Task to carry out -
Give the data below again exactly, and drop each picture from it.

Input data -
-------------------------

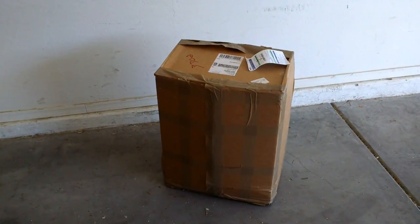I ordered them and they showed up in about five business days by FedEx in a big 40-pound box.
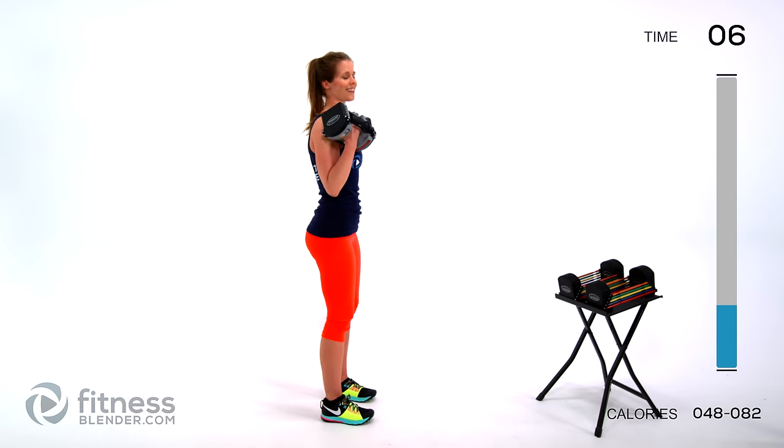We're going back to that overhead press plus curl combination move. Nice deep breath — here we go. Over the head, come back down, extend, squat and curl. Keep your back nice and flat especially as you drop down into that squat — stick your butt out behind you, chest up, press through the heels to come back up to standing position.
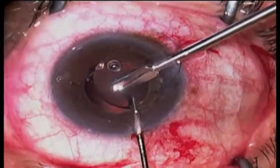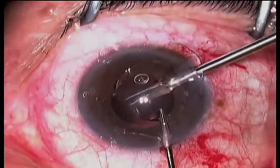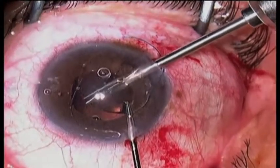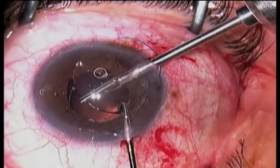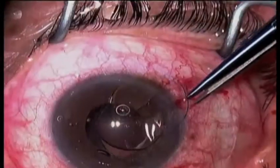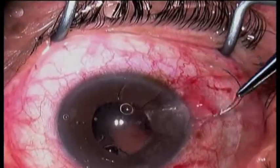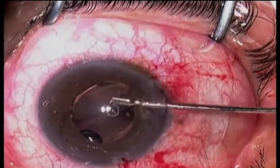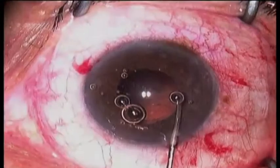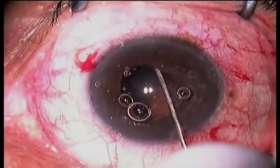In some cases you need to rotate the lens 180 degrees and cut from the other side, but in this case I was able to get through the lens completely all the way across in one cut. The pieces are then taken out one half at a time through a three millimeter incision without difficulty.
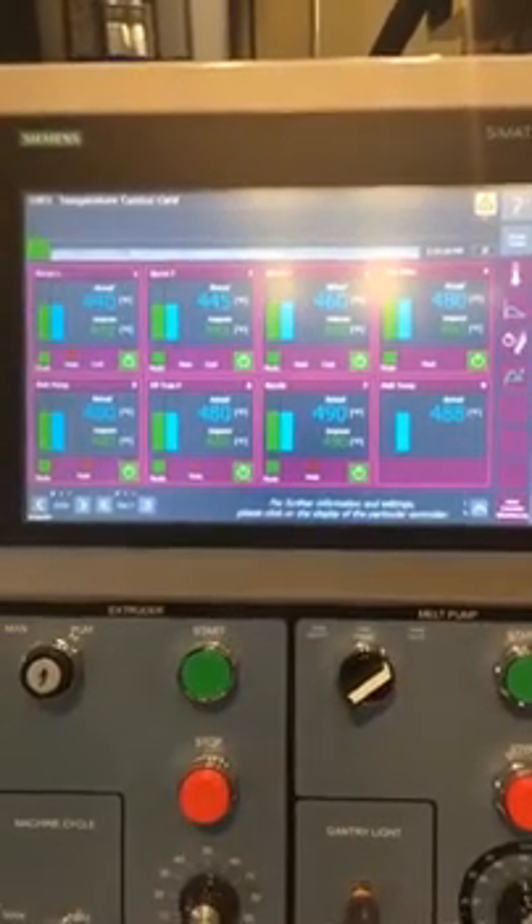And over here we have all of our heater controls for all of the different heaters on the extruder itself and on the print head.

-------------------------

Answer section -
I ordered them and they showed up in about five business days by FedEx in a big 40-pound box.
We're going back to that overhead press plus curl combination move. Nice deep breath — here we go. Over the head, come back down, extend, squat and curl. Keep your back nice and flat especially as you drop down into that squat — stick your butt out behind you, chest up, press through the heels to come back up to standing position.
In some cases you need to rotate the lens 180 degrees and cut from the other side, but in this case I was able to get through the lens completely all the way across in one cut. The pieces are then taken out one half at a time through a three millimeter incision without difficulty.
And over here we have all of our heater controls for all of the different heaters on the extruder itself and on the print head.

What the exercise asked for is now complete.